Iterate over large collection of numbers

Hi, I need to iterate over a list of about 1000000 numbers and eliminate/or mark as false all multiple of 2. It could be a list, a map, whatever. I’ve been struggling a lot to make it run in less than a minute but can’t do it. The only way I could do it was creating a map with key as the number and value a boolean, and then using recursion to jump from 2 on 2 in the keys and set the values to false. The problem with this is that at the end the results are unordered. I decided to use a map as I can have direct access to the element through the key and I don’t have to traverse a whole list. Tried with streams and lists and the result is even slower.
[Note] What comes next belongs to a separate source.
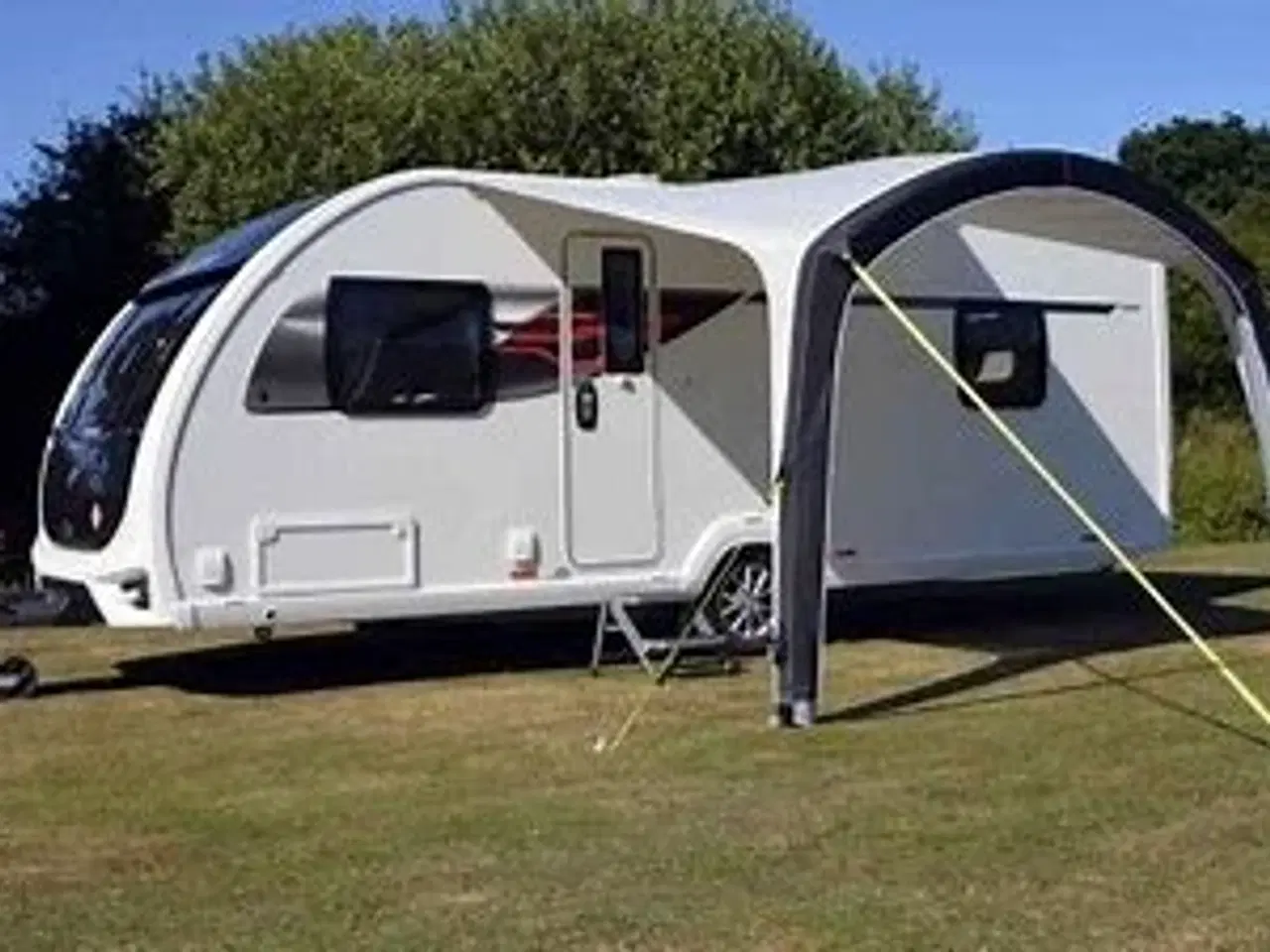 Billede 2 - NEDSAT.Dometic luft solsejl og fortelt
Is there a standard and performant way to iterate over a large list if I know the position of the elements I want to change?
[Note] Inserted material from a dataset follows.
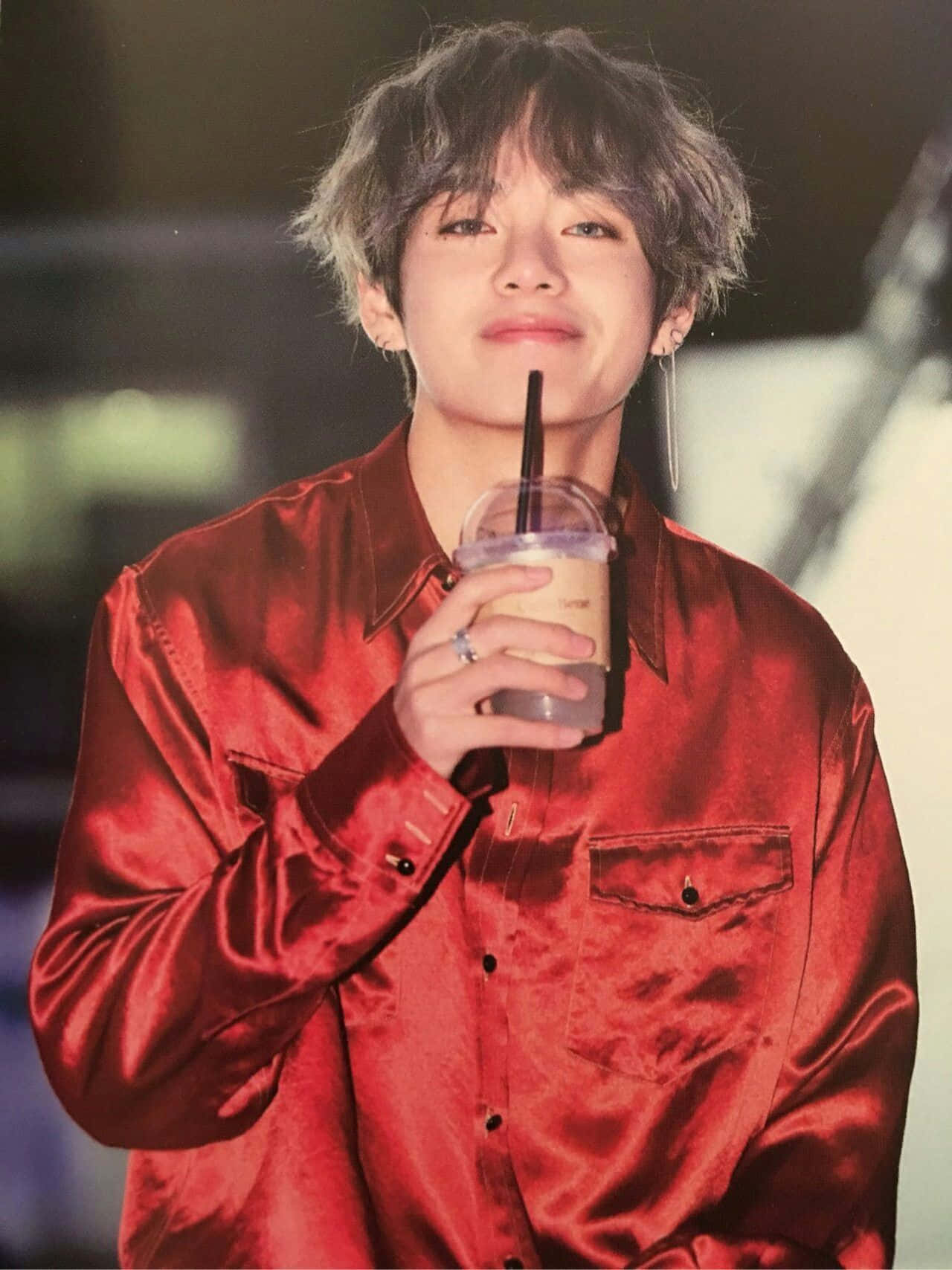 Taehyung Cute 桌布 壁紙 — 一位身穿閃亮紅襯衫的年輕男子微笑著，手持一杯附有吸管的飲料。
Can you paste the code that you are currently using?

I get this on the simple definition of your description:

iex> defmodule Testering do
...>   def testing(numbers) do
...>     Enum.filter(numbers, &(rem(&1, 2) > 0))
...>   end
...> end
iex> :timer.tc(Testering, :testing, [1..1000000])
{80124,
 [1, 3, 5, 7, 9, 11, 13, 15, 17, 19, 21, 23, 25, 27, 29, 31, 33, 35, 37, 39, 41,
  43, 45, 47, 49, 51, 53, 55, 57, 59, 61, 63, 65, 67, 69, 71, 73, 75, 77, 79,
  81, 83, 85, 87, 89, 91, 93, 95, 97, ...]}

So it took 80124 microseconds here, I.E 80.124ms, I.E 0.080124 seconds.

If you have a more representative example then I could try with your data set then?

EDIT:
And here is a version of either changing to a false or doing nothing:

iex> defmodule Testering do
...>   def testing(numbers) do
...>     Enum.map(numbers, fn
...>       i when rem(i, 2) === 0 -> false
...>       i -> i
...>     end)
...>   end
...> end
iex>
nil
iex> :timer.tc(Testering, :testing, [1..1000000])
{132432,
 [1, false, 3, false, 5, false, 7, false, 9, false, 11, false, 13, false, 15,
  false, 17, false, 19, false, 21, false, 23, false, 25, false, 27, false, 29,
  false, 31, false, 33, false, 35, false, 37, false, 39, false, 41, false, 43,
  false, 45, false, 47, false, 49, ...]}

nice, that’s much better, tried and it’s fast, the reason I didn’t try that is that I need to extract all multiples of 2, except 2, then multiple of 3, except 3, and so on. When I add an or clause to Filter it takes ages :frowning:

You are still not showing code. :wink:
What you just described sounds very O(N^N), which is amazingly complex no matter the language, need to see your code to confirm. :slight_smile:

EDIT:

Also:

defmodule Testering do
  def testing(numbers) do
    Enum.filter(numbers, &(rem(&1, 2) > 0 or &1===2))
  end
end

:timer.tc(Testering, :testing, [1..1000000])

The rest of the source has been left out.